RECORDED INFORMATION:
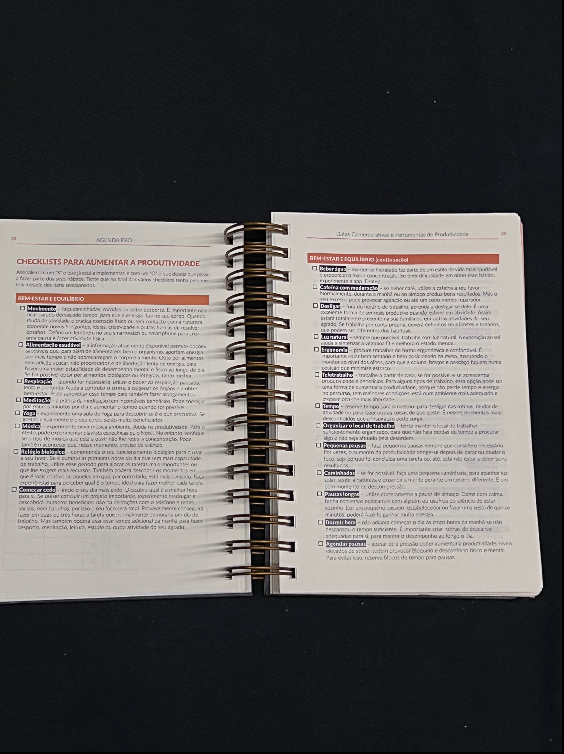 Agenda Pro Argolas Livro de agenda PDI aberto com texto em português e encadernação de argolas.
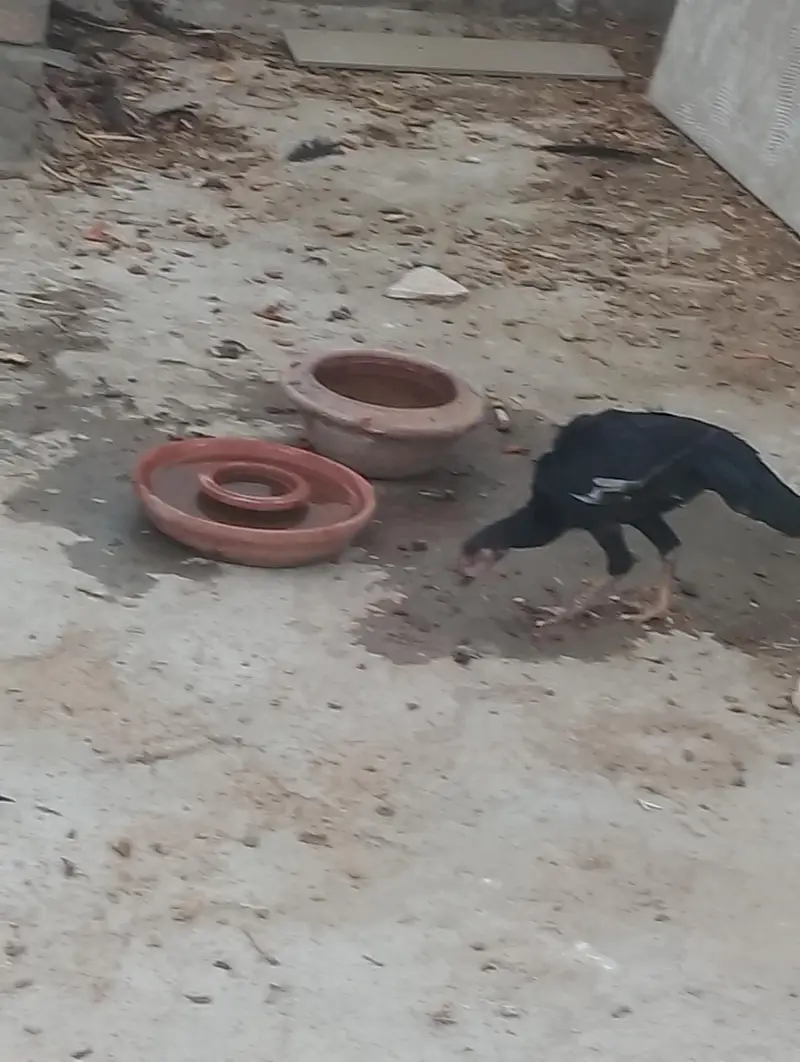 thai hen with two kids patha and ak mianwali ka murgha — photo 11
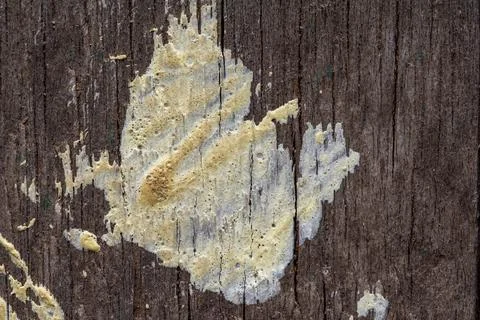 The texture of an old gray board covered with cracks Stock Photos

YOUR TASK: Everything from the line with "thai hen with" through the last line of the listing should be retyped exactly, with both end lines kept and the pictures left out.

RESULT BELOW:
 thai hen with two kids patha and ak mianwali ka murgha — photo 11
 The texture of an old gray board covered with cracks Stock Photos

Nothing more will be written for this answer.